Duncan McLean

Personal information
- Full name: Duncan McLean
- Date of birth: 30 June 1874
- Place of birth: Govan, Scotland
- Date of death: 31 January 1965 (aged 90)
- Place of death: Newport, Isle of Wight, England
- Height: 5 ft 7 in (1.70 m)
- Position: Outside forward

Youth career
- Summerton
- Moor Park
- Elderpark Rangers

Senior career*
- Years: Team / Apps / (Gls)
- –: Partick Thistle
- 18??–1899: Cowes
- 1899–1900: Southampton / 8 / (3)
- 1900–1901: Derby County / 0 / (0)
- 1903–1907: Cowes

= Duncan McLean (footballer, born 1874) =

Scottish footballer (1874–1965)

Duncan McLean (30 June 1874 – 31 January 1965) was a Scottish professional footballer who played for various clubs around the turn of the 20th century, including Southampton in 1898–99, where he helped win the Southern League championship.

==Football career==
McLean was born in the Govan area of Glasgow and trained as a shipyard engineer. After a spell on the books of Partick Thistle as an amateur, his work took him to Cowes on the Isle of Wight in southern England. Whilst working at Cowes, he turned out for Cowes F.C., playing in the Southern League Second Division. In early 1899, he was spotted by George Thomas, a director of Southampton F.C. and was signed by the "Saints" as a professional.

He made his debut for Southampton on 11 March 1899, when he took the place of David Steven at inside-right in a 4–1 victory over Bristol City. For the next match, at home to Chatham, McLean moved to outside-left, replacing George Seeley and scored in another 4–1 victory.
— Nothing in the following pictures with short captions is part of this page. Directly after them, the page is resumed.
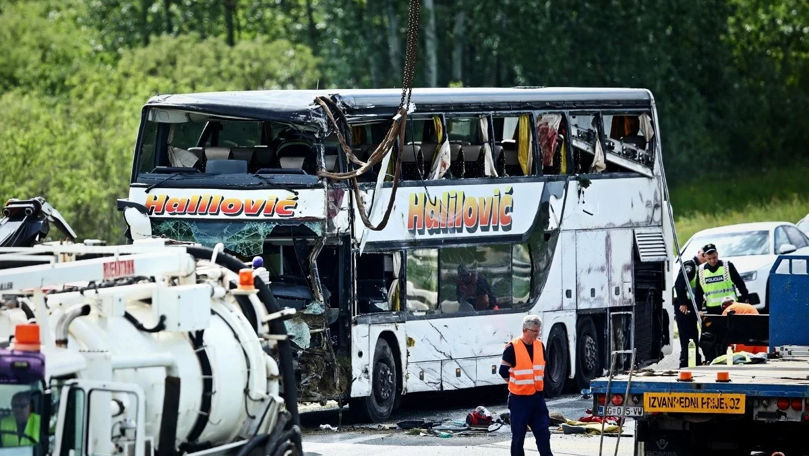 Accident mortal în Croația: Un autocar a intrat în coliziune cu o mașină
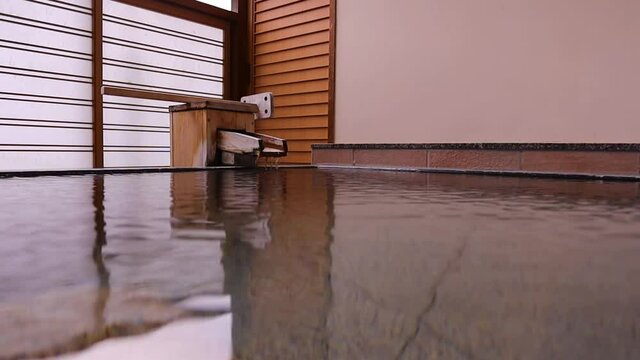 温泉掛け流しの湯船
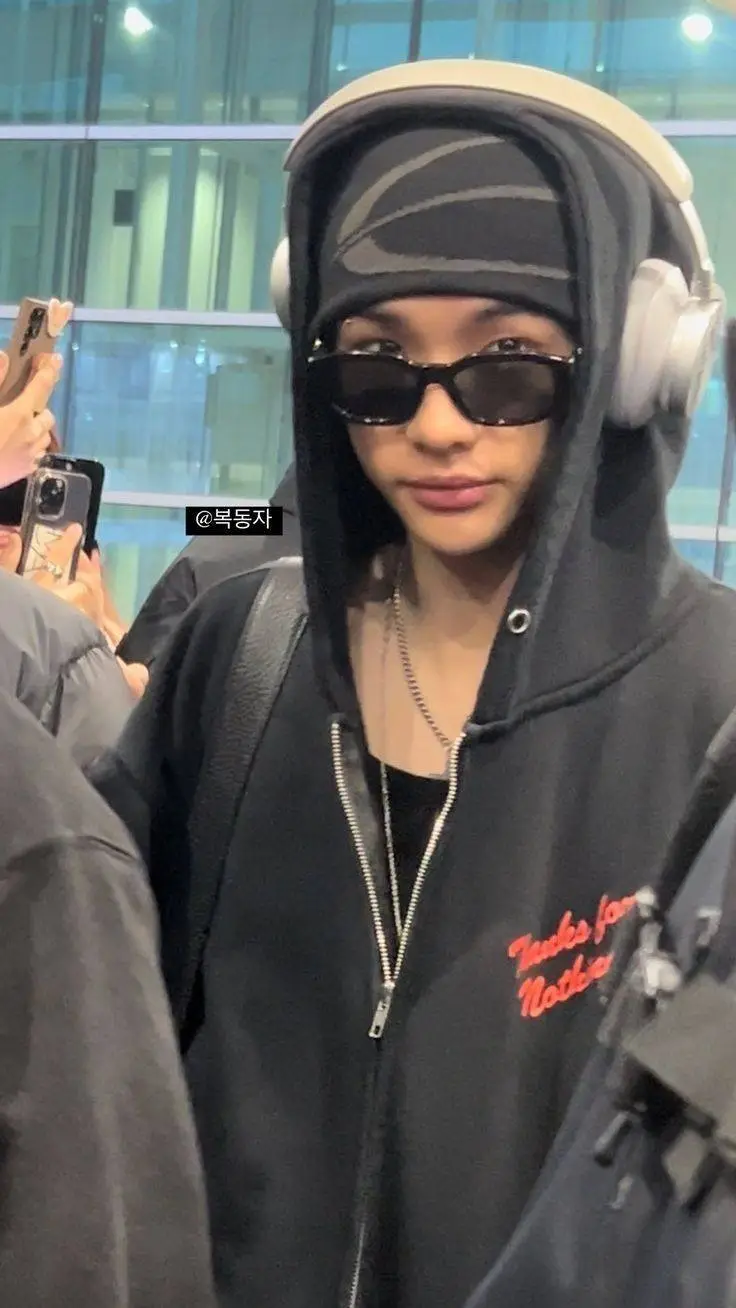 ai character: 🥟°•hyunjin•°🥟 background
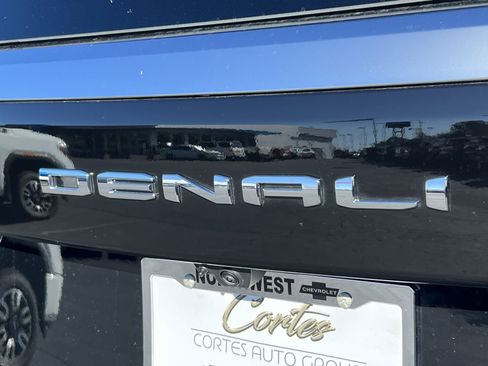 Used 2025 GMC Yukon XL Denali image 10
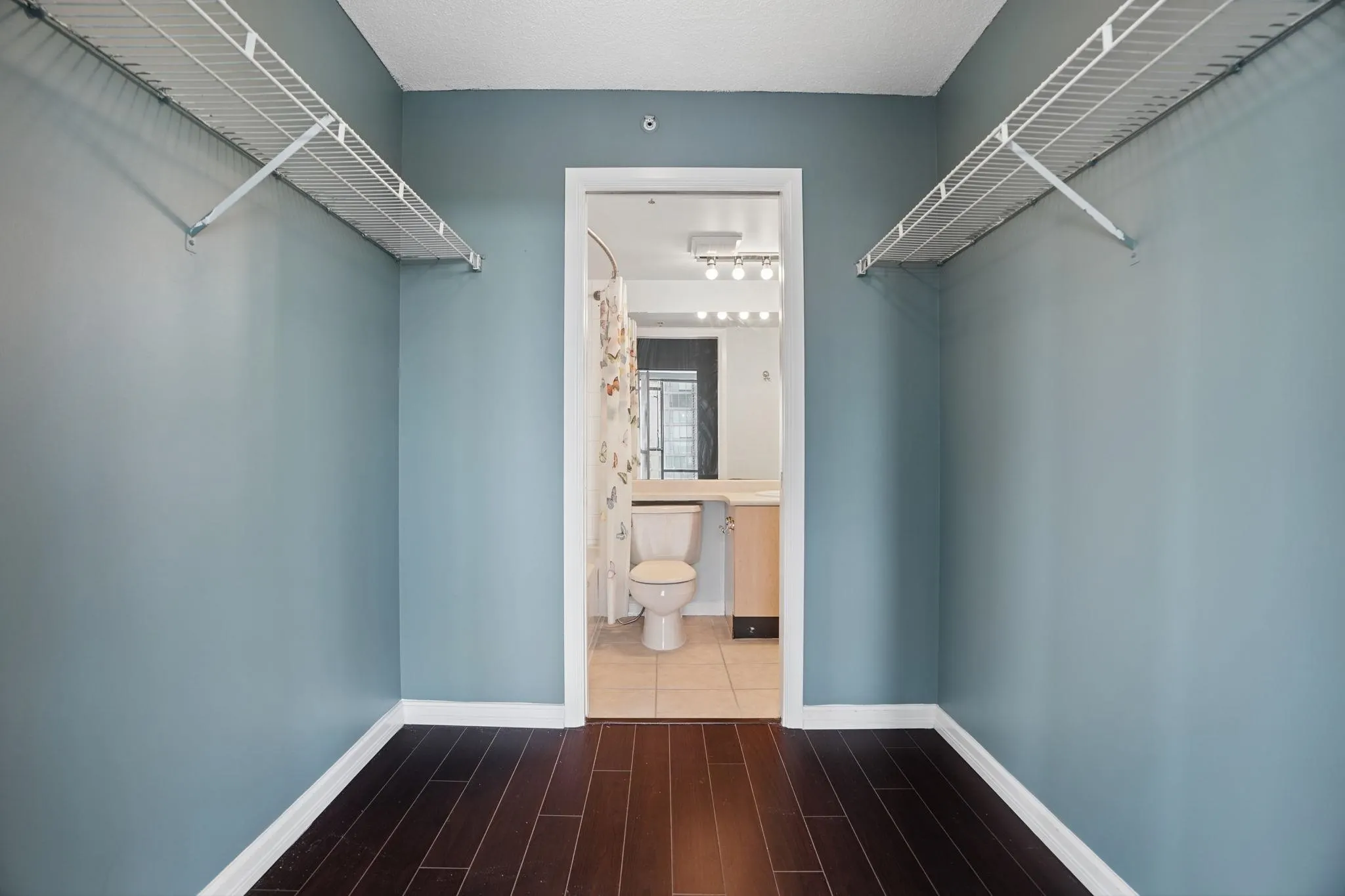 8180 Granville Avenue #1006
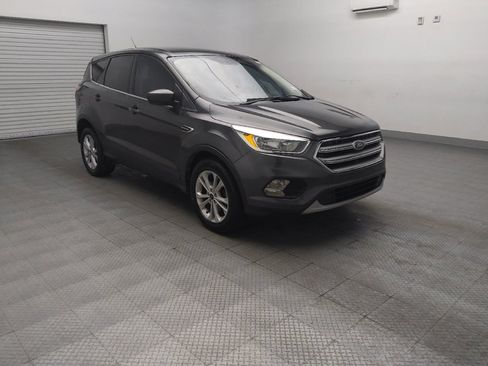 Used 2017 Ford Escape SE FWD image 13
Described as "extremely versatile", McLean retained his place in the side for the rest of the season. In his eight appearances, he played in four positions, including once at right-half and the final three at centre-forward, playing alongside fellow-Scot Roddy McLeod.

McLean's three goals included the third at Bristol City in the final match of the season; with both sides level on points at the top of the table, Saints had a superior goal average and only needed a draw to take the title for the third consecutive year. After being 2–0 down at half-time, the Saints had drawn level through goals from Arthur Chadwick and Harry Wood. McLean's goal came following a move involving John Robertson and Wood, giving the Saints the lead for the first time in the match. Wood soon added another and, although City pulled one back, Southampton finished as 4–3 victors, and the title was theirs.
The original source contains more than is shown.